I grew up staring at a framed drawing of Jennifer in the living room above the piano as I practiced my scales. A scar traveled down her forehead like a road that led to the perilous cliff’s edge of her nose. There were three different images of her collaged together and drawn in pale pink, blue, and yellow colored pencil, capturing her in the colors of infancy. 

I only thought of her when staring at that picture, but sometimes I felt guilty and wondered if I should be remembering her more. Where is she now? My mother told me that Jennifer went to heaven, but the answering machine told me that if I wanted to reach her, I must leave her a message at the beach. 

So maybe it’s this: The beach is a sandy afterlife.

But I have lived in an apartment located ten minutes from the Atlantic Ocean, so I know the beach is not heaven. Every two or three weeks, I drove with a friend to the beach with the windows down, and we read and talked while our feet flicked sand onto our too-small towels. Then our bodies became hot, our throats dried up, and we drove home as the sun set. 

II

“Hello. You’ve reached the home of Jim, Janice, Jessica, Jillian, Jamie, Jake, and angel Jennifer. Please leave a message after the beep. Thanks!” 

I remember the sound of the “Thanks!” My mother cut the word into two syllables like the loaf of bread Jesus halved for the Last Supper. This is my body, given for you; do this in remembrance of me.  Thay-anks. 

The answering machine message was in remembrance of Jennifer. I did not know this at the time. I just thought that it had good rhythm. It was the rhythm that lived inside the house whenever we weren’t there. Thay-anks. Thay-anks. The heartbeat of the house. 

Jennifer was born with a hole in her heart. 

How? Perhaps when a heartbroken person makes love the product is a child whose heart is full of holes. Maybe this is why parents warn their children to only have sex with someone they love. 

This theory couldn’t be true for Jennifer, however, because my parents say they were very much in love. After hearing about the divorce of a friend’s parents when I was twelve, I asked my mother if she and my father would ever break up. “No,” she said. “I promise. You never have to worry about that.” 

But maybe my parents slipped up once, in 1991, while I was a baby still sleeping in their room. Maybe Jennifer’s hole was the reason my mother promised to never again fall out of love. 

III

My mother self-published a memoir about Jennifer’s life and death titled God Was Thinking. Every chapter of her book opens with a bible verse. Every chapter has five or six additional verses inside. I want to tell her this is excessive, but I won’t because she would worry about the metaphorical hole in my heart. 

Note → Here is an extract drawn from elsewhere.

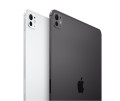 Apple iPad Pro 13-calowy Wi-Fi + Cellular 2 TB ze szkłem o nanoteksturze - Gwiezdna czerń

My mother has been invited as a guest speaker to women’s retreats so that she may give hope to other mothers and teach about the goodness that comes from suffering. She became more faithful after her daughter’s death. Before Jennifer was born, my mother went to church because she didn’t want to break the moral rules handed down from her parents. After Jennifer, she went to church because she had fallen in love with a healing savior. She had been healed. Seven years after her death, my parents became missionaries. 

Before I moved near the beach, I lived with my parents for one year. It can be hard to live with a guest speaker who is not a guest. At any time, wisdom could spout, even if you’re cooking spaghetti or running to your bedroom in a bath towel. 

My relationship with God feels a lot like memory loss, like how I often forget that Jennifer was alive for four and a half months. When I remember her, I remember only that she died.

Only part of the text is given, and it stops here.